Older adults who reside in nursing homes have complex medical needs, and due to culture change efforts over the past 3 decades (Koren, 2010), promotion of their choice and dignity has been elevated along with the importance of clinical care. Facets of culture change promote individualized, person-directed care (PDC), which is supported through consistent staffing to facilitate meaningful relationships, and in the presence of a comfortable home environment (Miller, Lepore, et al., 2014; Saliba & Schnelle, 2002). There are comprehensive models of culture change that can be adopted, including the Eden Alternative (Thomas & Johansson, 2003) and the Wellspring model (Stone et al., 2002), and also household models that blend culture change facets with the physical environment and feature approximately 12 older adults per community, such as the small house (Norton & Shields, 2006) and Green House (The Green House Project, 2012; Thomas, 2004) models.
Overall, research evidence has shown better outcomes for household models compared to traditional nursing home communities. For example, this evidence includes better clinical outcomes (Afendulis et al., 2016), functional outcomes (Reinhardt et al., 2019), and satisfaction with care outcomes (Kane et al., 2007) for residents in household models compared to those in traditional nursing home communities. For families, these outcomes include greater satisfaction with residents' care and their own experience (Lum et al., 2008–09). Yet, the implementation of culture change practices requires commitment and resources, making a “complete” change in the nursing home infrequent. Only 13% of U.S. nursing homes have reported comprehensive culture change adoption (Miller, Looze, et al., 2014). A further complicating factor is that, although a PDC philosophy promotes the practice of self-determination and choice in daily life for older adults who live in nursing homes, most residents have some level of dementia, including many who are in a moderate to severe stage of the disease.

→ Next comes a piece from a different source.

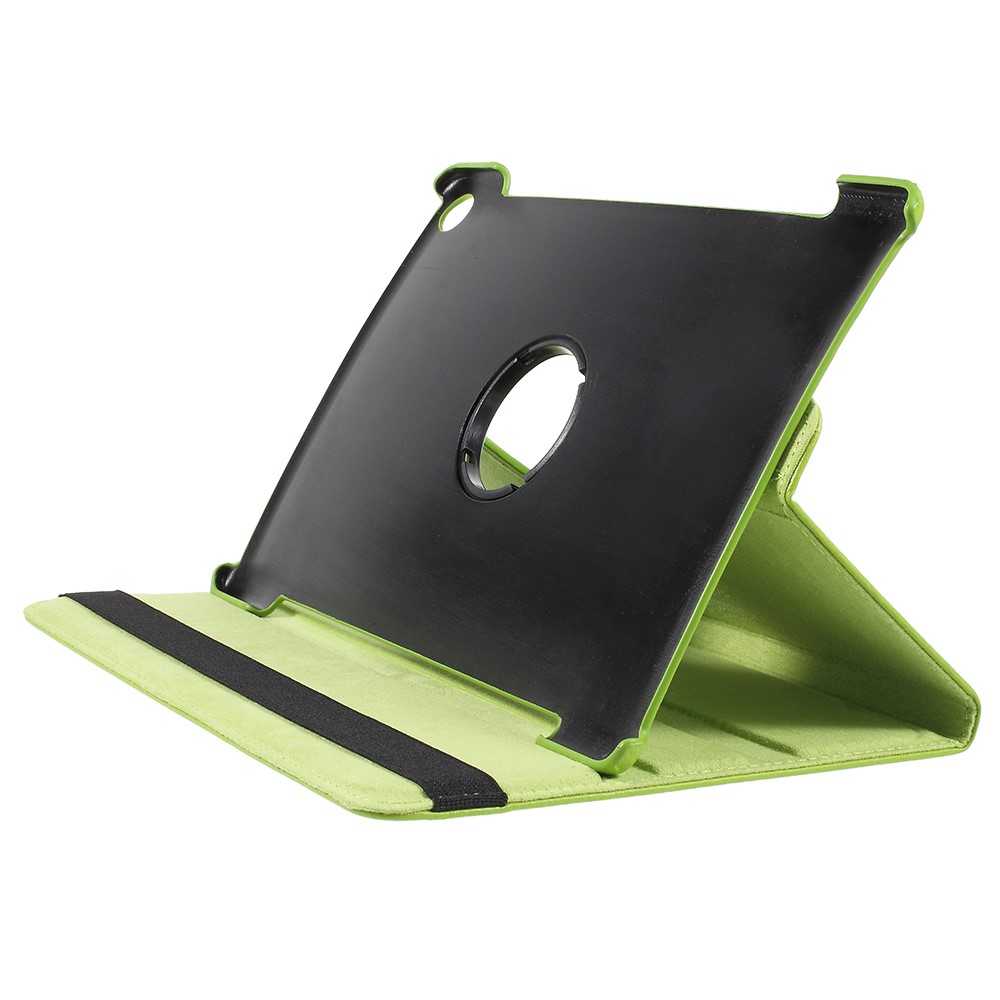 Litchi Skin 360-Degree Rotating Stand PU Leather Case for Huawei MediaPad M5 10 / M5 10 (Pro) - Green-4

Residents with advancing dementia have a high likelihood of having an accompanying inability to verbally articulate their needs and make their choices heard. They do, however, communicate in a variety of other ways, which require attention and familiarity of residents by direct care workers (DCW) who care for them on a daily basis. For example, changes in residents' physical or verbal behaviors or rejection of care may signify pain or discomfort. The importance of using individualized PDC in nursing home communities to address psychosocial and physical unmet needs of residents, including those with dementia, has been stressed (Basnet et al., 2020). For these residents, deep knowing of each individual is key, and this is largely accomplished via empowered DCW who care for them consistently and with whom they develop meaningful relationships. For the latter to occur, entire interdisciplinary teams are trained, with DCW learning to become empowered, and clinical nursing staff supporting and coaching DCW in these skills. Employing this level of care on communities that have 30 to 40 beds, and not the smaller numbers that characterize household models, is a significant challenge facing many nursing homes across the country. Fortunately, there are some existing models that feature PDC on more traditional, larger size communities, such as Comfort Matters (Alonzo et al., 2015) and legacy communities of The Green House Project (2012). The major components of these two PDC models were used in the current project to train interdisciplinary staff, including DCW, in two pilot communities, which were then compared to traditional communities.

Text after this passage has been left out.